SOURCE MATERIAL →

------

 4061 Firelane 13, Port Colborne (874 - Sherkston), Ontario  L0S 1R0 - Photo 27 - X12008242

------

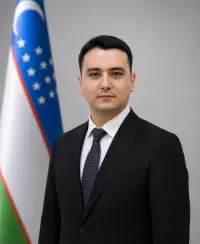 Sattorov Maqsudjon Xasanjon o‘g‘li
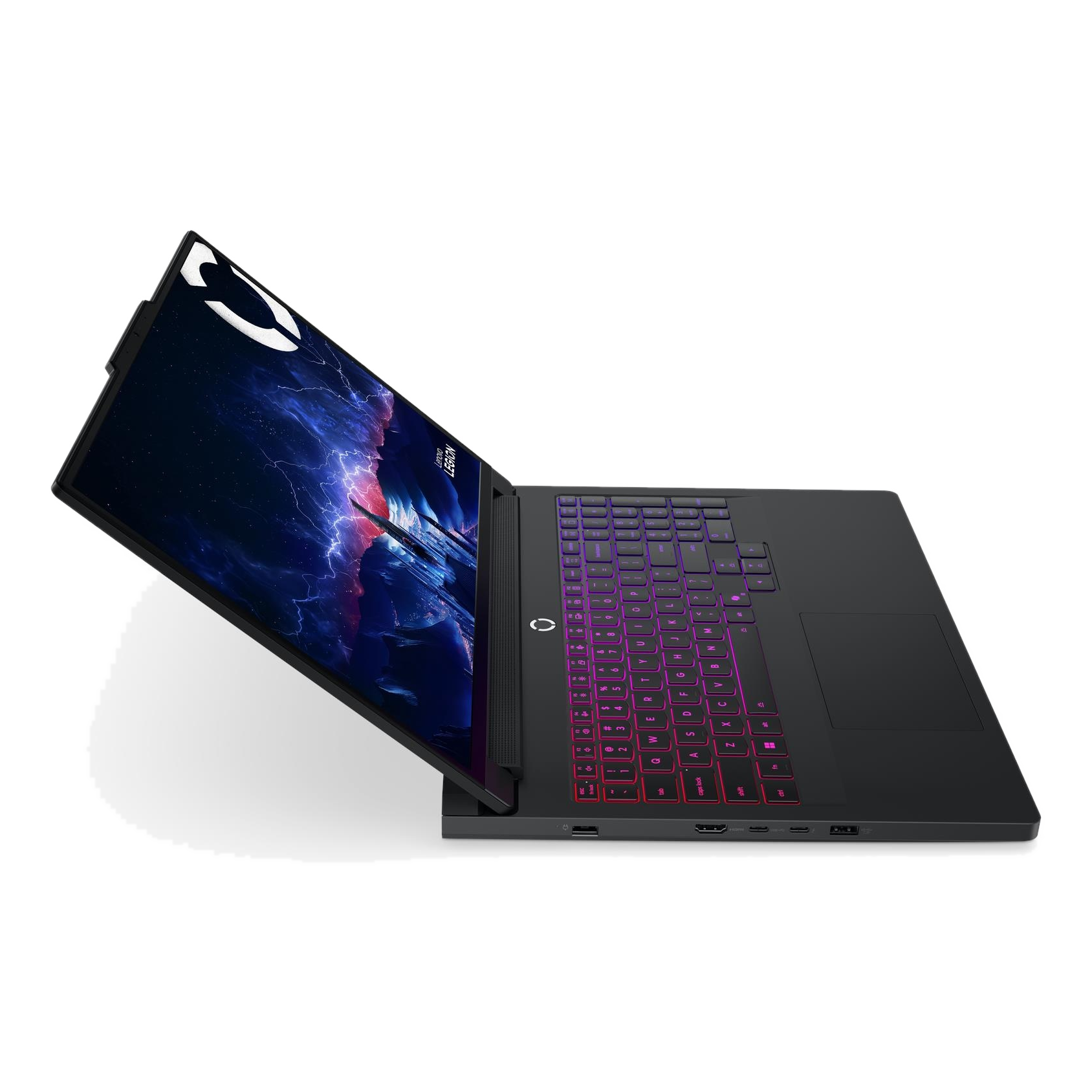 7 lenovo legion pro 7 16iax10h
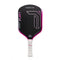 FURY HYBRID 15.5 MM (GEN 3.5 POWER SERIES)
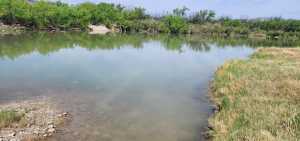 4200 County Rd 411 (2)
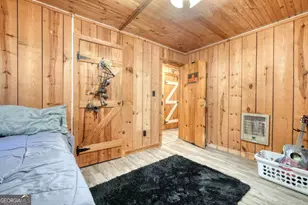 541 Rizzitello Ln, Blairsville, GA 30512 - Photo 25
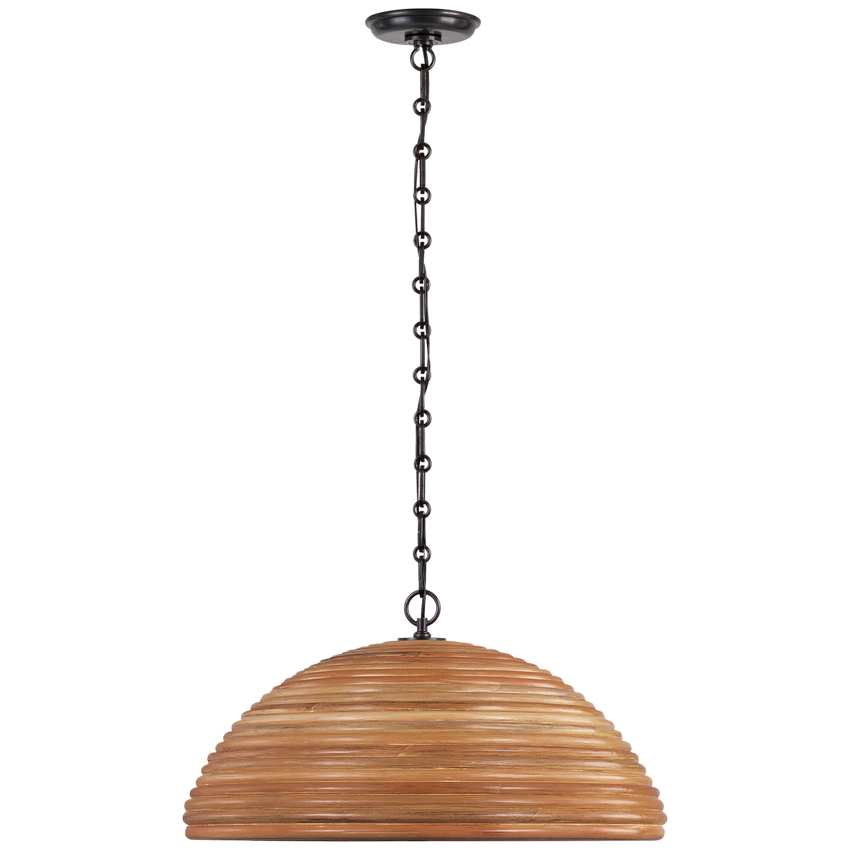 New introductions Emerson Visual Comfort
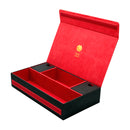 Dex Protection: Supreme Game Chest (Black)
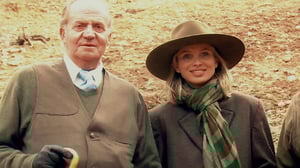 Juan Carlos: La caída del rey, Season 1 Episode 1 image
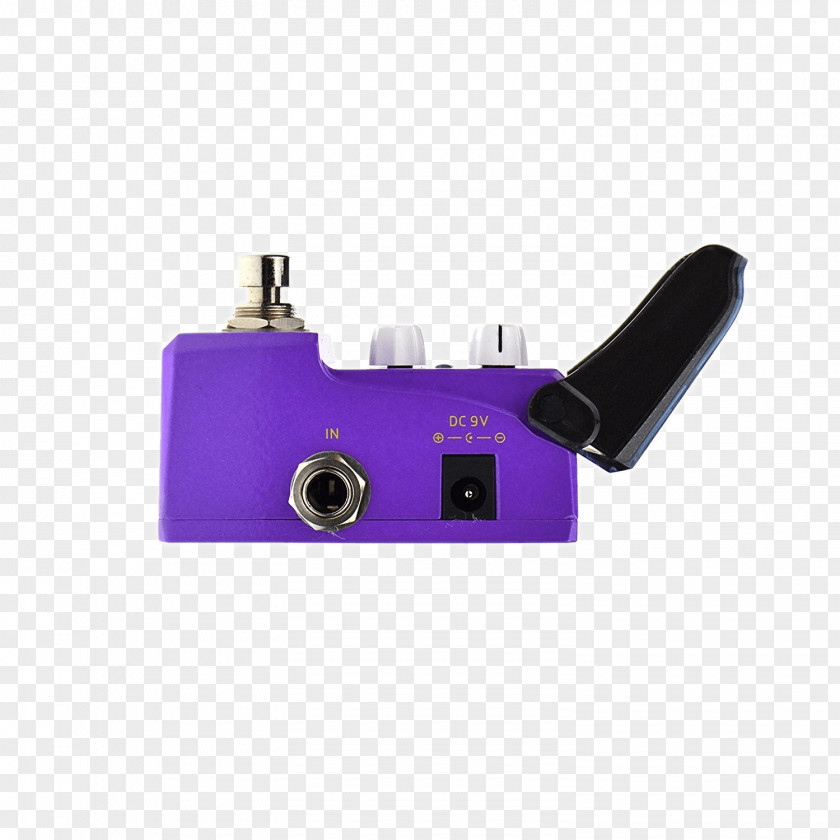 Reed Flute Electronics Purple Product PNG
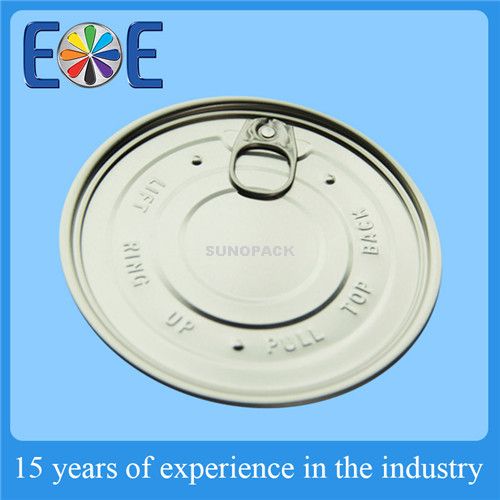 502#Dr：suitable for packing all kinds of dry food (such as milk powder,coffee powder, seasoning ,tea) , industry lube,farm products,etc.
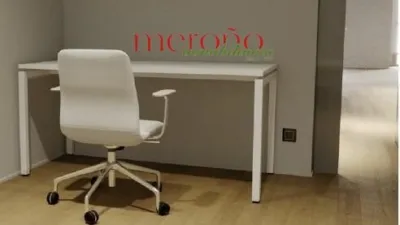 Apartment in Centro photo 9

------

TRY IT → Take the lines above starting at the one containing "Reed Flute Electronics Purple Product PNG" and ending at the one containing "Apartment in Centro photo 9", and print them again exactly, without pictures.

WRITTEN RESPONSE →
 Reed Flute Electronics Purple Product PNG
 502#Dr：suitable for packing all kinds of dry food (such as milk powder,coffee powder, seasoning ,tea) , industry lube,farm products,etc.
 Apartment in Centro photo 9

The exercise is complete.